普通混淆(明文 + 阴书)。生成的字体只包含映射的字符。

设置 keep_all: true 可保留原字体中的所有字符,仅替换指定字符的字形(#97)。

curl -X POST http://127.0.0.1:1323/api/encrypt \
  -H 'Content-Type: application/json' \
  -d '{
    "plaintext": "真0123456789好",
    "shadowtext": "假6982075431的",
    "only_ttf": false,
    "keep_all": false
  }'

响应:

{
  "message": "success",
  "hint": "",
  "response": {
    "base64ed": {
      "ttf": "AAEAAAALAIAAAwA...",
      "woff2": "d09GMgABAAAAA..."
    }
  }
}

POST /api/encrypt-plus

加强混淆(仅需明文)。

curl -X POST http://127.0.0.1:1323/api/encrypt-plus \
  -H 'Content-Type: application/json' \
  -d '{
    "plaintext": "价格998元",
    "only_ttf": false
  }'

响应:

{
  "message": "success",
  "hint": "",
  "response": {
    "base64ed": {
      "ttf": "AAEAAAALAIAAAwA...",
      "woff2": "d09GMgABAAAAA..."
    },
    "html_entities": {
      "价": "&#xeafb",
      "格": "&#xee75",
      "9": "&#xe104",
      "8": "&#xf349",
      "元": "&#xf0d0"
    }
  }
}

前端使用示例

<style>
  @font-face {
    font-family: 'ObfuscatedFont';
    src: url(data:font/woff2;base64,d09GMgABAAAAA...) format('woff2');
  }
  .protected {
    font-family: 'ObfuscatedFont';
  }
</style>

<!-- 普通混淆:HTML 中写阴书,用户看到明文 -->
<span class="protected">假6982075431的</span>
<!-- 用户看到的是:真0123456789好 -->

<!-- 加强混淆:HTML 中写 entity 编码 -->
<span class="protected">&#xeafb;&#xee75;&#xe104;&#xe104;&#xf349;&#xf0d0;</span>
<!-- 用户看到的是:价格998元 -->

English

Introduction

A font obfuscation tool for anti-scraping.

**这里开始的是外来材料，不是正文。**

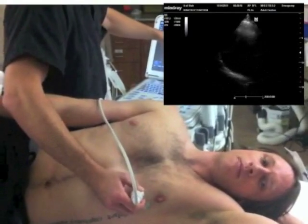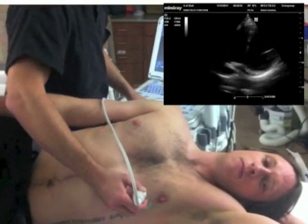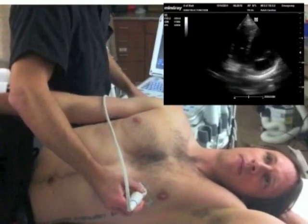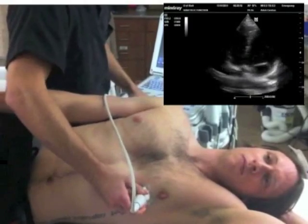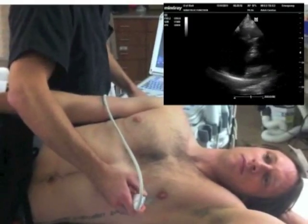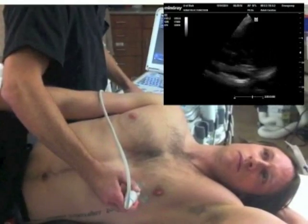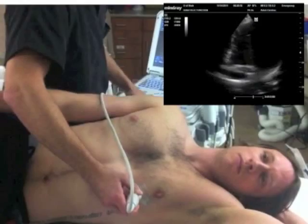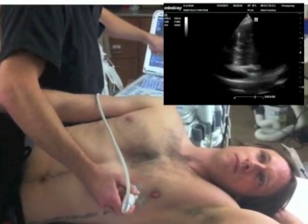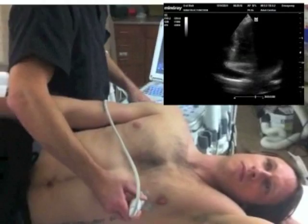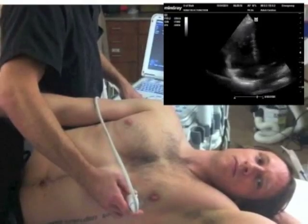So here we see we're getting part of the 4-chamber view — there's the left ventricle right here, part of the right ventricle, and then I can see the atria. So what I'm going to do is flatten the probe down and rotate the probe towards the bed. Usually that clockwise rotation and flattening will really improve my view so that I can see all 4 chambers. So now we see the left ventricle, right ventricle, left atrium, right atrium.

It remaps glyphs in a font so that the text in HTML differs from what users actually see, preventing crawlers from directly extracting page content.

Supports obfuscation of English, digits, and most CJK characters. Generates TTF and WOFF2 font files.

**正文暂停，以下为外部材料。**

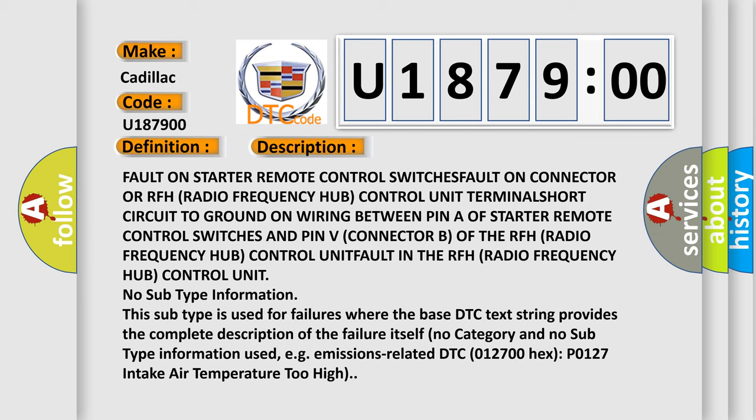Fault in the RFH radio frequency hub control unit.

Built with Rust, using Google's fontations project for font parsing and building.

How It Works

Basic obfuscation: Provide plaintext and shadow text (same length). A custom font is generated where shadow characters' Unicode codepoints map to plaintext characters' glyphs. The HTML contains shadow text, but the browser renders plaintext when the custom font is loaded. Crawlers can only read the shadow text.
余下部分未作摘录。